Setelah itu lama juga Yu Leng tidak berkata-kata, kemudian setelah meneliti Wei Beng Yan dengan tajam ia berkata lagi.

„Siapa yang telah memberikan petunjuk-petunjuk untuk kau masuk kemari?”

„Teecu datang di sini dengan tekad diterima menjadi murid Locianpwee untuk menuntut balas dendam ayah Teecu yang telah dibunuh oleh kedua iblis Soat-hay-siang-hiong dan Eu-yong Lo- koay. Teecu tidak pernah diberikan petunjuk oleh siapapun ”

Wei Beng Yan menjusta.

„Kau mengatakan Wei Tan Wi telah dibunuh orang?”

„Betul!” Yu Leng menarik napas sambil menyalakan tiga lentera kertas merah, yang kemudian digantungnya di mulut lembah.

„Baiklah    ” katanya.

Tetapi ketiga lentera kertas merah itu tiba-tiba menjadi padam.

„Kurang ajar!” bentak Yu Leng dengan gusar. „Kau tunggu di sini, aku harus memberi hukuman kepada jahanam yang telah berlaku kurang ajar ini!”

Setelah berkata demikian, Yu Leng segera meloncat dan mengejar keluar lembah, sesaat kemudian Wei Beng Yan mendengar jeritan- jeritan yang memilukan hati! Selama itu Wei Beng Yan tidak berani bergerak, ia tetap berlutut sambil memegangi lentera buatan Ouw Lo Si. Beberapa saat kemudian satu bayangan hitam telah kembali dan melewati kepalanya, lalu dari tempat yang agak jauh ia mendengar Yu Leng berkata.

„Kau harus berjalan terus, jangan biluk ke kanan atau ke kiri, nanti kau akan menjumpai aku di suatu tempat tertentu. Jagalah agar lentera yang kau bawa itu tidak padam apinya!”

Wei Beng Yan yang sudah ketakutan bukan main, menjadi girang tatkala mendengar perintah itu, ia segera berbangkit dan berjalan memasuki lembah itu.
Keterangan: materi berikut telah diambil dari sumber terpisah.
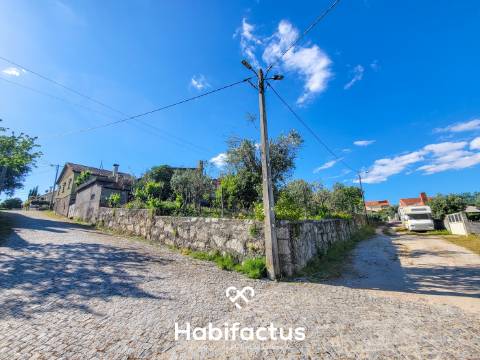 Moradia Isolada T5 c/Terreno e Terraço Panorâmico, á venda em Abrunhosa do Mato, Cunha Baixa- Mangua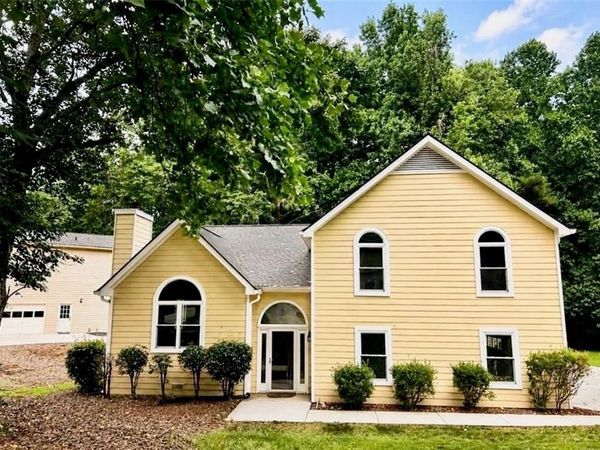 8618 Wood Springs Court , Douglasville, GA 30135
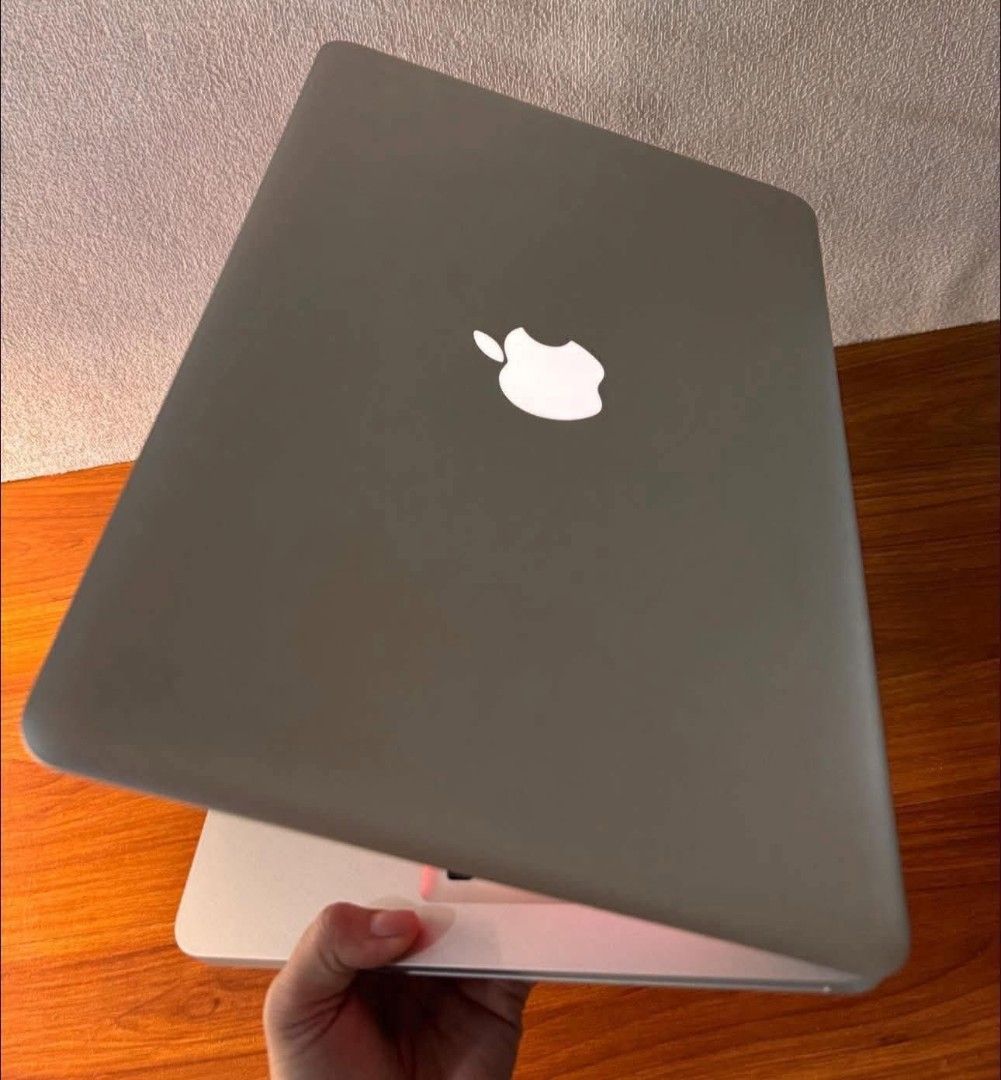 🎯MACBOOK PRO A1278(2012)🎯 (Category: Laptops & Notebooks) located in Manila. Submitted by lonelyme_1986 (Listing ID 1432343262, Image 3). Description: 📍PROMO SALE GRAB NIO NA HABANG MURA PA 📍 BACKLIT KEYBOARD MACBOOK FOR SALE (8PCS AVAILABLE) PRICE : 9,500 FIX (4/120 3PCS AVAILABLE ) PRICE: 10,200 FIX (8/120 2PCS AVAILABLE ) PRICE: 10. ,800 FIX (8/256 1PC AVAILABLE ) PRICE : 8,800 (2PCS NAKA SALE MAY KUNTING WHITESPOT 8/120 ) 🎯MACBOOK PRO A1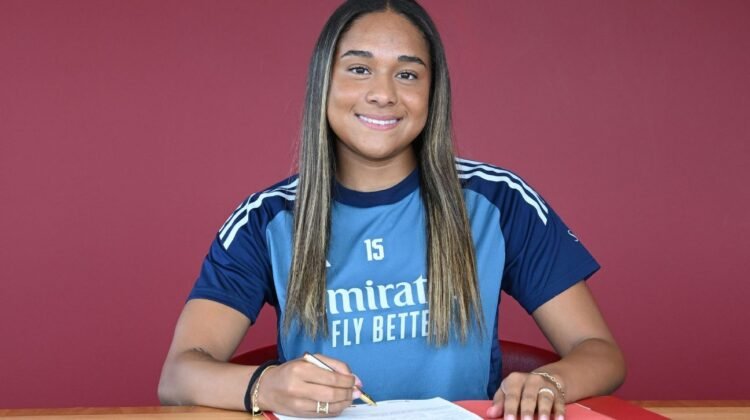 Arsenal sign Liverpool’s Olivia Smith in world-record transfer Arsenal sign Liverpool’s Olivia Smith in world-record transfer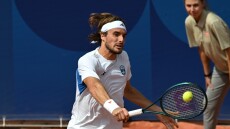 Στέφανος Τσιτσιπάς: Μετάνιωσα για την συμπεριφορά στον πατέρα μου, πρέπει όμως να είμαι αυστηρός μαζί του - Βίντεο 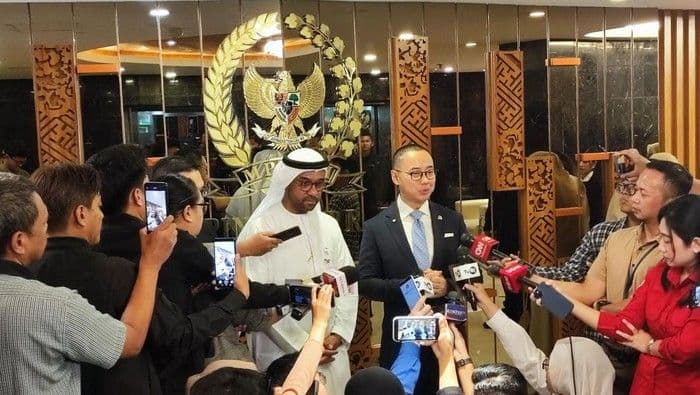 Pimpinan MPR Terima Dubes UEA, Bahas Zero Emissions hingga Situasi Timur Tengah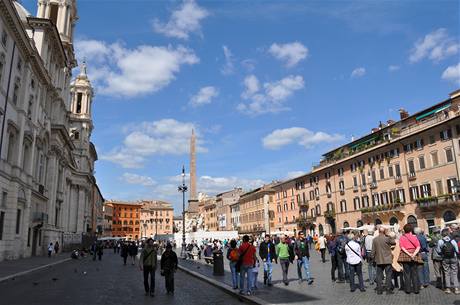 Piazza navona (ve dne)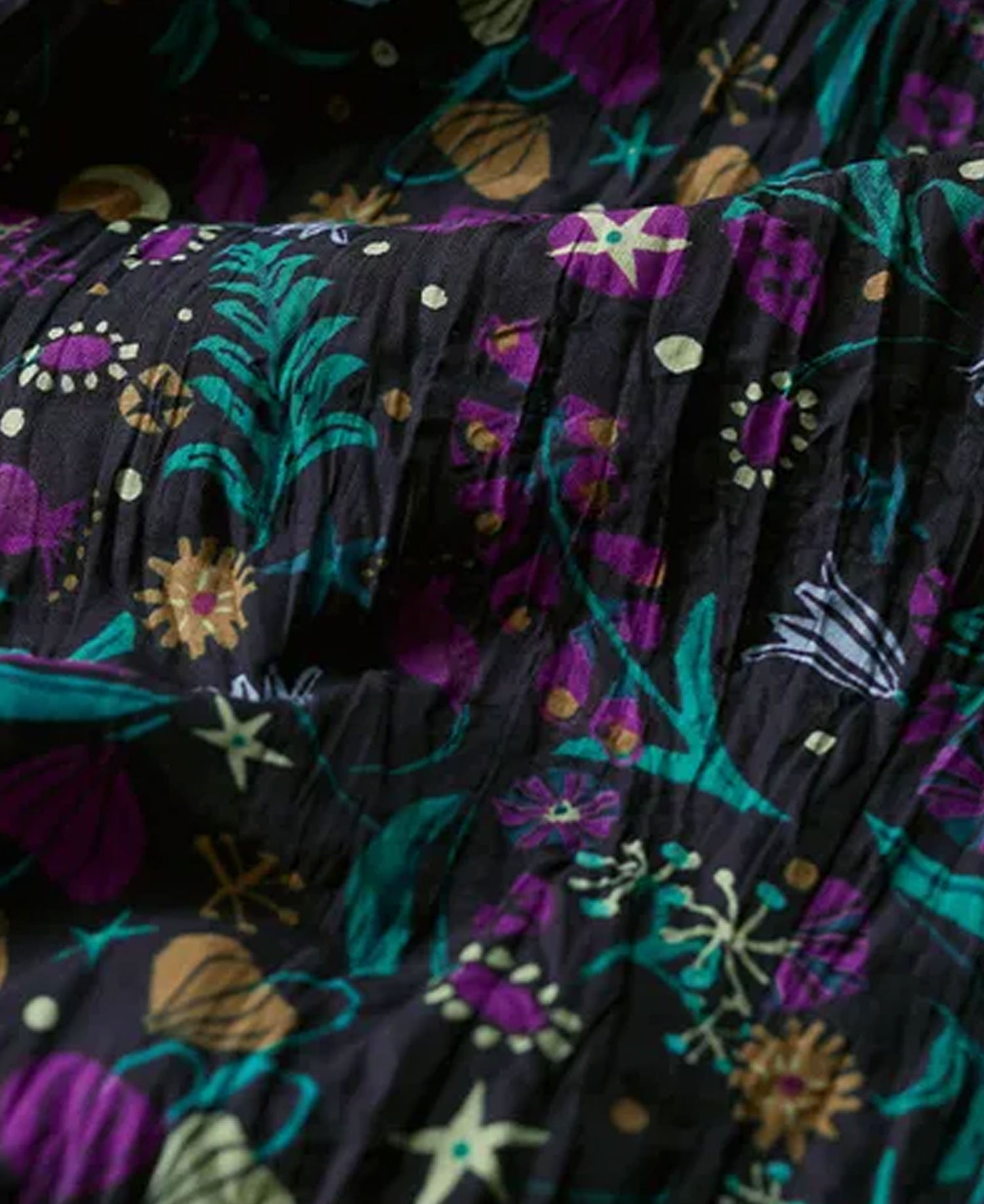 Larissa Shirt - Illuminated Garden Onyx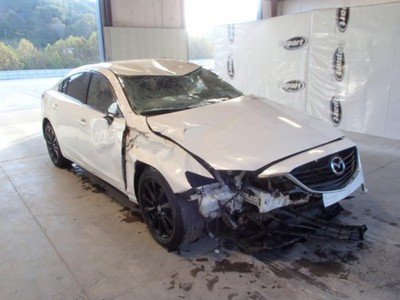 2015 Mazda 6 A/C Compressor OEM BFD161450 33K Miles White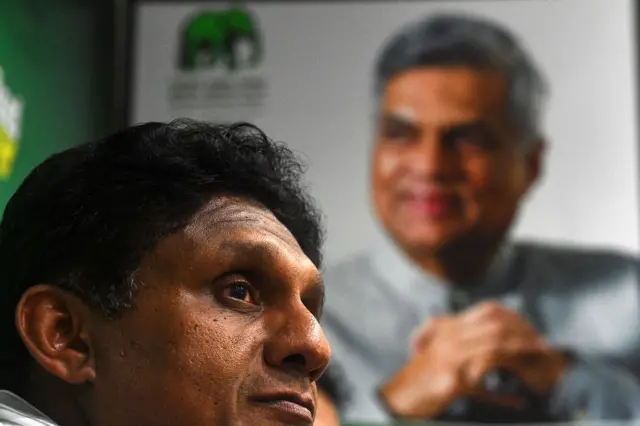 රනිල් වික්රමසිංහ සහ සජිත් ප්රේමදාස අතර නායකත්වය සම්බන්ධයෙන් පැවති දීර්ඝ කාලීන අභ්යන්තර මත ගැටුමක ප්රථිපලයක් ලෙස සමගි ජනබල වේගය පිහිටුවනු ලැබීය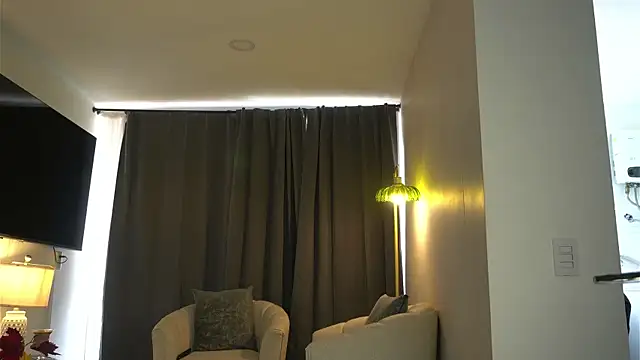 kendall ruiz online show from 11-23-25, 02:49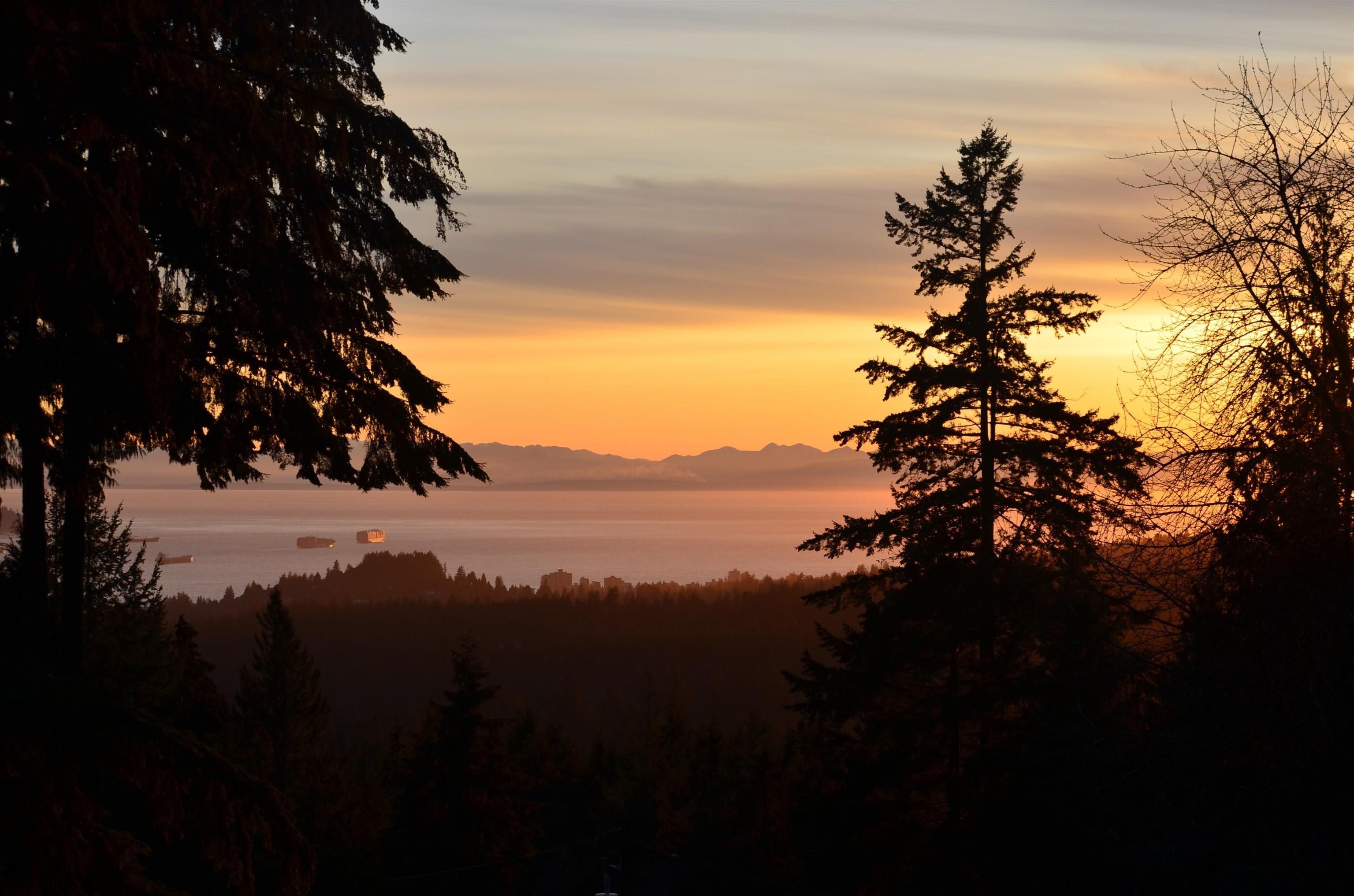 mls:R3156309 Property Address: 550 VENTURA CRESCENT, North Vancouver BC V7N 3G9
Setelah berjalan lebih kurang setengah jam, ia tiba di suatu batu gunung yang besar sekali, di atas batu itu tampak seorang sedang duduk bersila. Wei Beng Yan menatap orang itu yang ternyata Yu Leng adanya. „Aku telah tinggal lama sekali di dalam lembah ini,” kata Yu Leng,

„sehingga aku tidak mengetahui apa yang telah terjadi di luar. Kau mengaku sebagai putera Wei Tan Wi, untuk membuktikan ini kau harus sanggup memperlihatkan sesuatu kepadaku!”

„Ayah telah dikerubuti oleh Soat-hay-siang-hiong dan Eu-yong Lo- koay, sehingga tewas terkena racun Hian-peng-tok-bong, sebelum meninggal dunia ayah telah memberikan cincin baja ini kepadaku,” sahut Wei Beng Yan sambil melepaskan cincin baja yang berada di jarinya.

„Demikianlah nasib seorang Tay-hiap!” kata Yu Leng.

Setelah itu ia mengangkat sebelah tangannya untuk mengebat dari bawah ke atas akibat dari pada kebatan lengan bajunya itu telah menarik tubuh Wei Beng Yan yang sedang berlutut beberapa puluh meter jauhnya, kehadapannya!

„Ai!” Wei Beng Yan berseru kaget di dalam hatinya. „Dia telah mengangkat dan menarik tubuhku tanpa menyentuh anggota badanku, jika aku berhasil mewarisi ilmu silatnya, aku pasti dapat membalas dendam dengan mudah!”

„Coba aku lihat cincin itu!” kata lagi Yu Leng.

Masih dalam keadaan berlutut Wei Beng Yan lalu menyerahkan cincin yang diminta itu, ia berada dekat sekali sehingga ia dapat melihat muka Yu Leng yang pucat, rambutnya panjang menutupi pundaknya, perawakannya jangkung kurus, tetapi kedua matanya bersinar tajam sekali. „Setelah isteriku meninggal dunia,” Yu Leng berkata sambil memeriksa cincin baja itu. „Aku lalu bertapa di lembah ini, ayahmu adalah kawan akrabku, sayang sekali ia harus mati lebih dulu......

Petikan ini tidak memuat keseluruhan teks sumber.